• **ACTIVITY**
Copy only what lies from the line containing "Used 2026 GMC" through the line containing "Nh Collection Center 4* Budapest" in the entries below, keeping both end lines exact and dropping every picture.

• **SOURCE DATA**
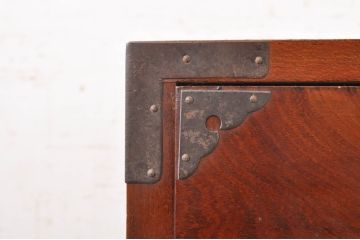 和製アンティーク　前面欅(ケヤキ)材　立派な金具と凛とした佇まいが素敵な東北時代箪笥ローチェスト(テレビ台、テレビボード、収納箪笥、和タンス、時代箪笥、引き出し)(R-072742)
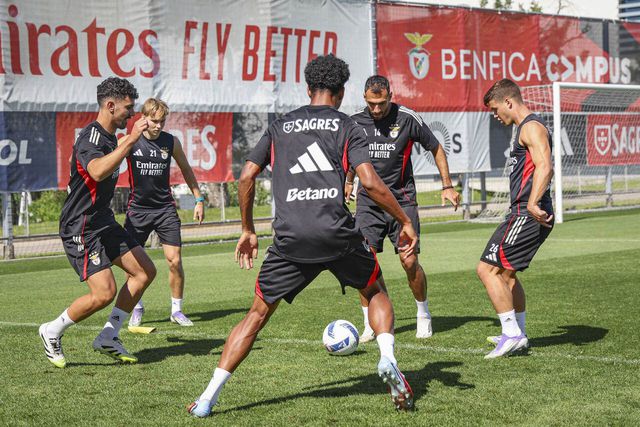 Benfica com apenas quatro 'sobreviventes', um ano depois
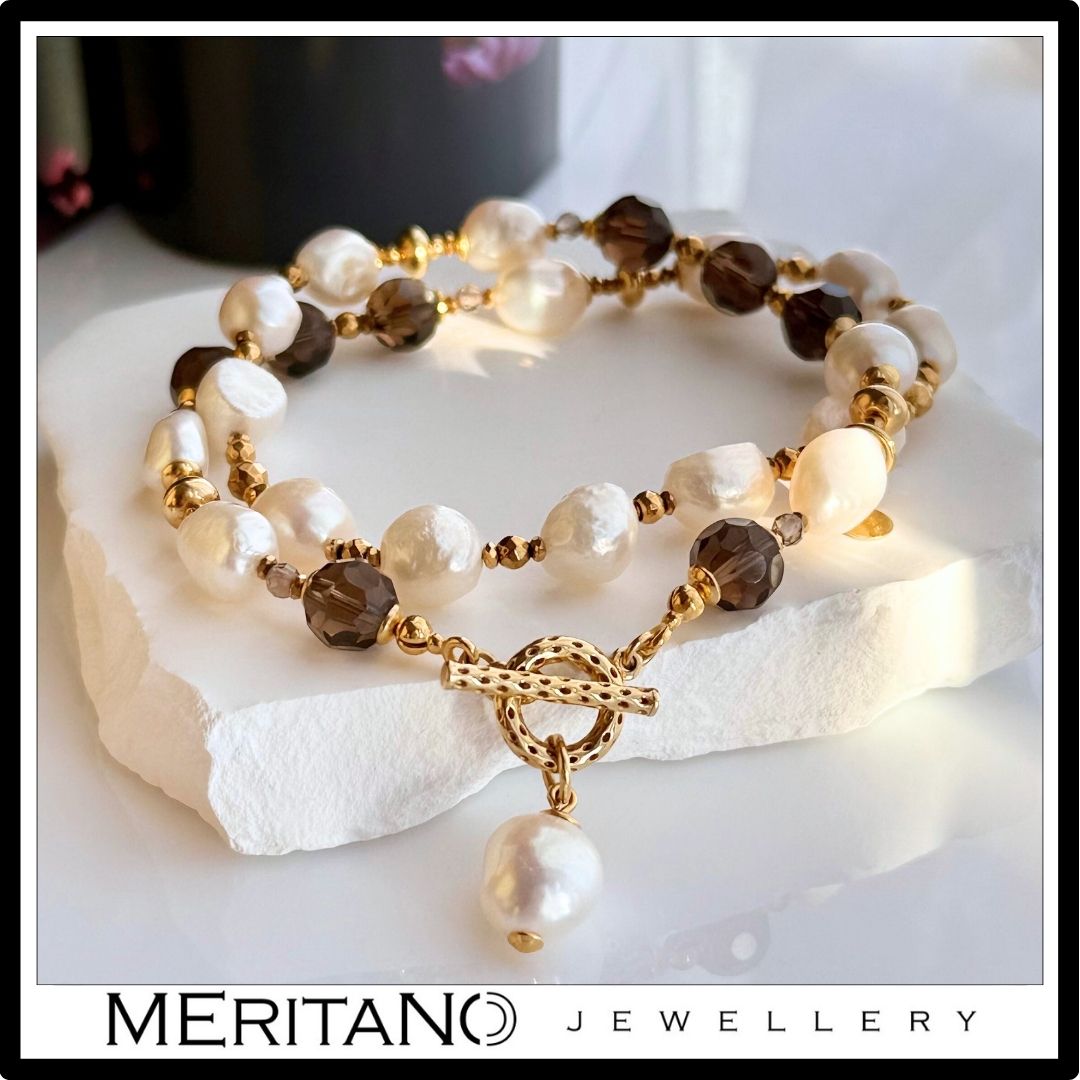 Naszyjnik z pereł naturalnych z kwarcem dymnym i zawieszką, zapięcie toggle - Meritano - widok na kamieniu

---

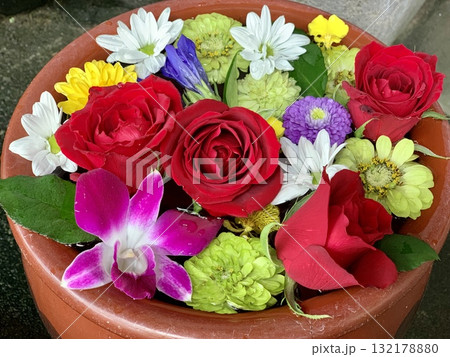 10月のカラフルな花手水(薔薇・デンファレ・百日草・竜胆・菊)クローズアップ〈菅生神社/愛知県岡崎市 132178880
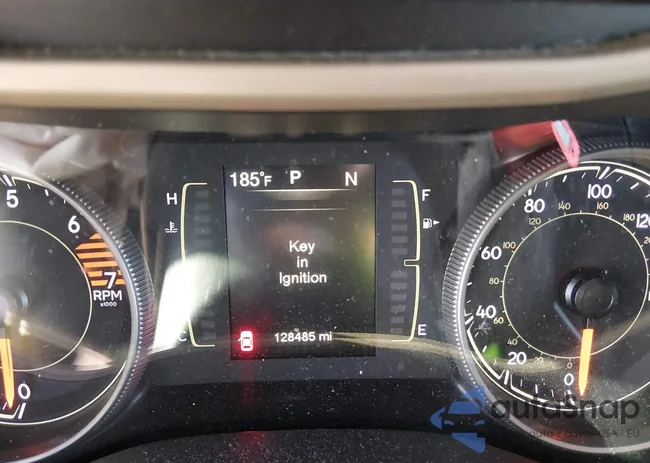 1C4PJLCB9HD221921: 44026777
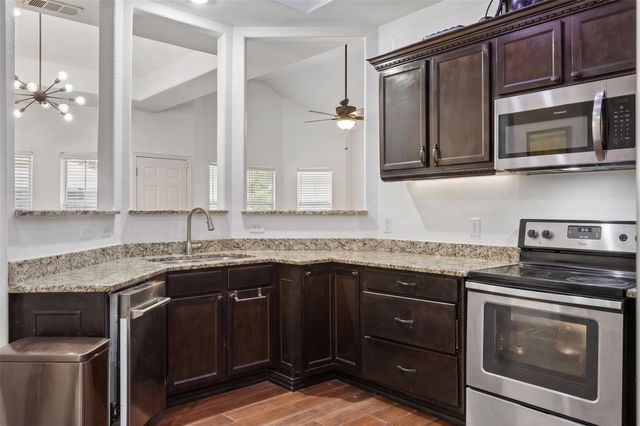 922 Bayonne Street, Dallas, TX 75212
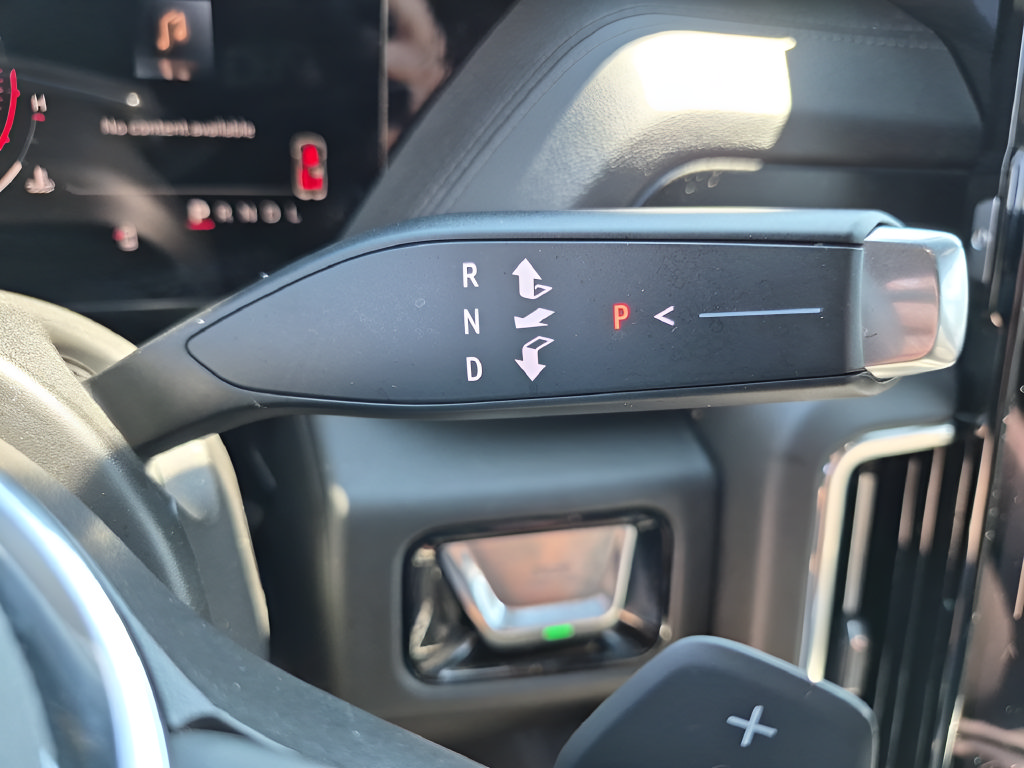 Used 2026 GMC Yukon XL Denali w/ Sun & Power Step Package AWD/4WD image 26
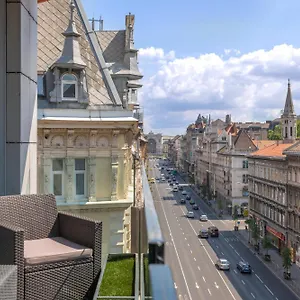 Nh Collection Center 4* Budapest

...

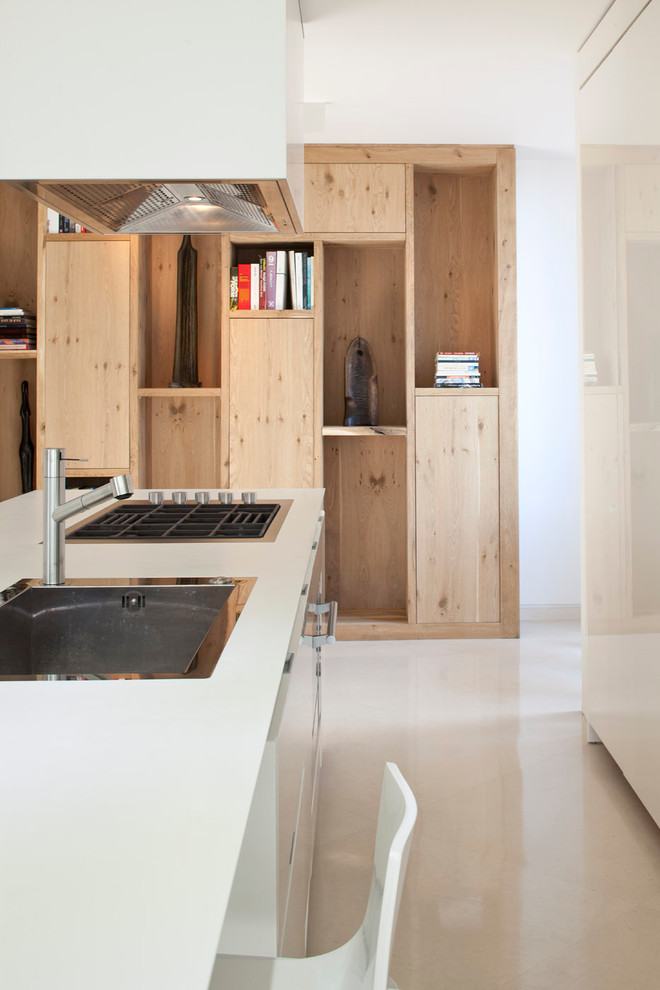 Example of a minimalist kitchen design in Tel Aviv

• **TASK OUTPUT**
 Used 2026 GMC Yukon XL Denali w/ Sun & Power Step Package AWD/4WD image 26
 Nh Collection Center 4* Budapest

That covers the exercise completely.